Overseeding
and Repair
The most inexpensive and
environmentally friendly way to keep your lawn thick and weed free is regular (annual)
overseeding.
Winter damage, insect and disease damage and traffic all conspire to leave thin
or bare patches throughout your lawn. Opportunistic weeds waste no time in
colonizing these open areas. By contrast, a healthy, thick lawn will easily
out-compete most weed invasions.
To overseed, begin by vigorously raking the bare area to remove dead grass and
scratch up the soil. Spread seed over the area at a rate of 1-2 kg per 100 m2
(3-4 lbs per 1000 ft2). The more bare your patch is, the
heavier you will need to seed. Lightly rake the area or press the seed to ensure
good contact with the soil
Water regularly (at least
every other day) for the first 2 weeks.
For best results, use a mix specifically designed for overseeding and thickening
lawns. Look for a high percentage (greater than 50%) of perennial
ryegrass. Perennial Ryegrass establishes quickly and aggressively so it is
ideally suited to overseeding.
De-Thatching
Over time, a mature lawn can build up thatch – a layer of dead plant material.

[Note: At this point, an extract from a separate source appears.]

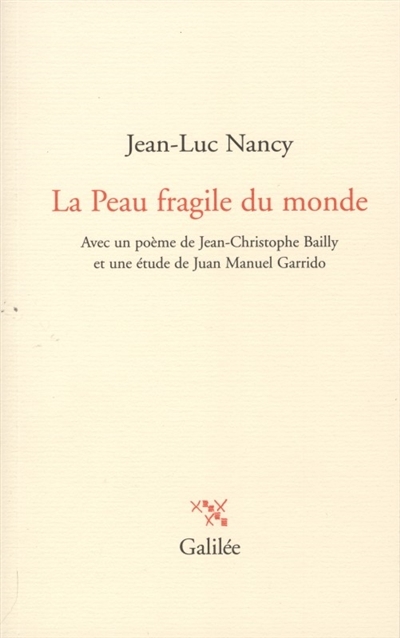 peau fragile du monde (La) | Nancy, Jean-Luc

If left alone, the thatch layer can increase the chance of disease attacking
your lawn. At the very least, it crowds out the viable grass plants.
You can remove thatch in the spring by aggressively raking the lawn with a stiff
tooth rake. You’ll fill a number of garbage bags with thatch. Please note that
thatch does not readily break down so composting this waste is not advisable.
You can also rent de-thatchers to make this job easier on your back.
Aeration
Aeration serves a similar purpose to de-thatching. Over time, the root system of
your lawn will get more and more dense. This will have an ill effect on the
grass as it struggles to compete for nutrients and water. This condition is
prevalent in older Kentucky Bluegrass lawns because of this grass’s
aggressively spreading root system.
Aeration consists of pulling small plugs of soil out of the ground. The holes
left by the plugs allow the roots to spread out and have more space. Proper
aeration requires special machinery which can be rented. Since it is unlikely
that you will have to aerate your lawn very frequently, you might consider
hiring a lawn care service professional to do it for you.
Fertilizing
Before you buy your fertilizer, it is important to know what you should be
looking for. Most of us have seen the three numbers that are printed in large
type on every fertilizer bag. These tell you the composition of the major
nutrients in the blend. These macro nutrients are Nitrogen, Phosphorous and
Potash.
To keep your lawn looking healthy, a minimum of two feedings a year (spring
and fall) is required. You can increase this feeding schedule to every 6-8
weeks – the more you feed, the greener and healthier your lawn will look. Be
sure that you manage your lawn wisely. Heavy fertilization will also stimulate
growth, so the more your feed, the more you will have to mow! If you want a low
maintenance lawn, cut back on your fertilizer.
Mowing
Mowing is perhaps the least
pleasant aspect of lawn stewardship, unless you like riding around on the lawn
mower like me !
For a less grueling regime, set
your mower blade height at 5-7 cm (2-2.5 inches). If you cut your grass
regularly (every 7-10 days depending on growth) you can leave your
clippings on the lawn. This will recycle enough nitrogen back into your lawn to
allow you cut back your fertilizing by 15%.
Remember to
keep your mower’s blade sharp for best results!